I go to about 70 live concerts a year (all unamplified classical music). I don't do it because I want to compare my hifi system to live music. It is because I like to go to see and hear live classical music, whether it be chamber music, solo piano, orchestra, vocal, concerto, ballet or opera. Very few of the concerts I have attended in my adult life (over the past 50 plus years) are of performances with the same performers that have recorded the same program that I have heard live. However, the last couple of weeks have been an exception. We heard six concerts in the nine days between December 3rd and December 11. Three of them had pieces that are available with the same performers on recordings.
However, the context of the performances were much different than the recordings. We heard the Alexander String Quartet play two Beethoven Quartets (ones they recorded for their Foghorn Classics label that I have on CD). They performed them in two different concerts, paired with pieces that either inspired Beethoven in writing his quartet (A major Op18_5) or were inspired by Beethoven (Op95 Serioso). In their December-January series, the Alexander are joined by musicologist Bob Greenberg who gives short lectures about each piece and in this case the relationship between the pieces performed in the concert. Context here means that we are getting an explanation of what is going on, including short excerpts that the Alexander play to illustrate Greenberg's major points. It was so different, and much more enlightening and enjoyable that just listening to the CD. In addition, the acoustics of the St. John's Church in Berkeley are vastly different from the studio acoustics of the recordings.
The third concert was by Joyce DiDonato and the baroque Il Pomo d'Oro orchestra performing her War and Peace Concert of baroque arias. Joyce was in full costume with a male (naked to the waist) ballet dancer and her marvelously talented orchestra, on the stage of Zellerbach Hall. It was a delight for the ear and the eye. We were in our customary 9th row center seats, so had a great sonic and visual experience. I don't have the Erato CD In War and Peace, Harmony through Music, but I may just get it as a remembrance of the wonderful concert. Again, the recording venue is much different than the concert hall and there are no visual clues, so the experience will be much different.
Another concert with the Berkeley Symphony (which Kent Nagano made famous), we heard a newly commissioned piece - James MacMillan's 4th Symphony, given its US premiere - a real test for any future recording, with a huge percussion section. The second half was the Beethoven G major Piano Concerto, my favorite piano concerto. The soloist was Shai Wosner, a fine American pianist. We've heard the G major many times, including when my wife played it 19 years ago with a local orchestra. Here, I listen for the way the piece is played, knowing it well enough to determine whether I like or dislike the interpretation of different sections. The live performance gives spatial clues that have to often be emphasized by a spot microphone in a recording. For example, one of my favorite sections is the viola section carrying the theme in the third movement - something I anticipate and move my eyes over to them as they play it. In a recording, usually the violas have been boosted a bit in volume to make sure they are clearly heard - not necessary in a live concert. Of course in a recording, one can hear Backhaus or Kempff, long since gone.

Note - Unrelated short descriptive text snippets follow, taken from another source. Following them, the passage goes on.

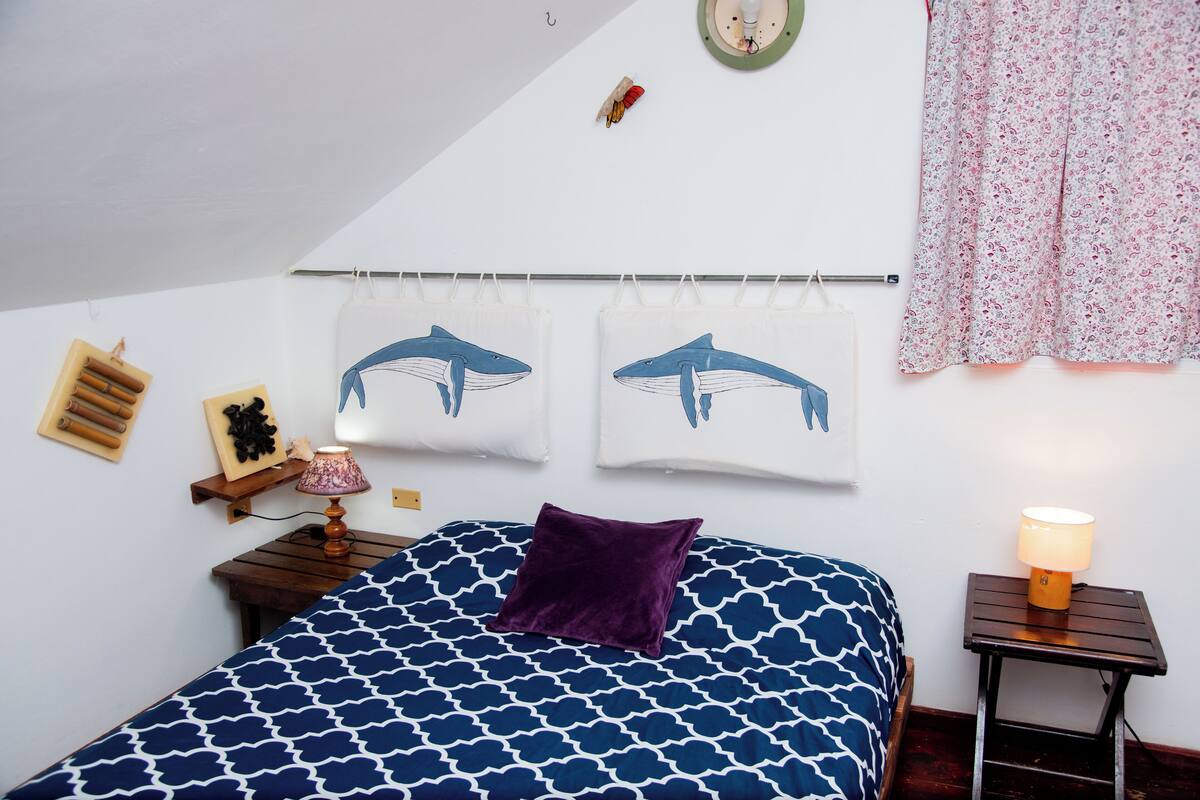 A bedroom with a bed, two wall-mounted curtains, a nightstand, and a lamp.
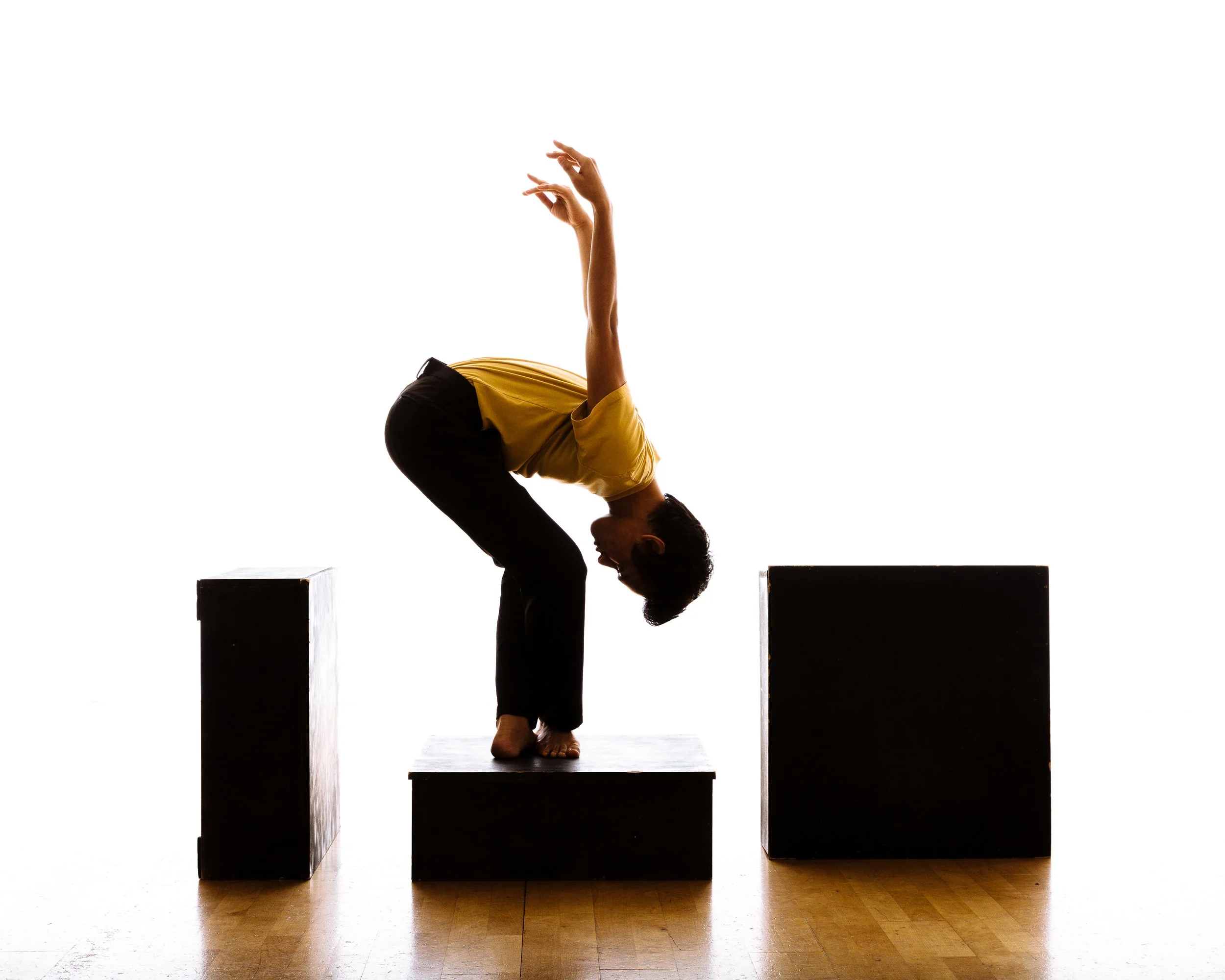 Person in a yellow shirt and black pants performing a forward bend yoga pose on a black platform with two black blocks on either side.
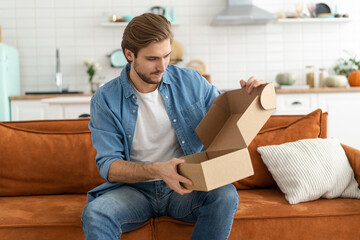 Fototapeta na wymiar Happy man customer unpacking cardboard box receive open post mail delivery package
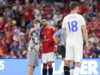 Pitch invaders take selfies with Fernandes during Man United match United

Finally, I will go back to a live performance I heard in the mid-'60's of Charles Munch conducting the Boston Symphony with the same organist Berj Zamkochian playing the Saint-Saens Organ Symphony in Symphony Hall as the famous RCA recording from a few years earlier. I still remember the thrilling ending of the piece and the ringing of the last notes in the Hall. But that was 50 years ago, and when I listen to the recording, I don't have a detailed memory of the concert performance. While it would be a good comparison point to test live vs. recording, the live is too far past in my memory.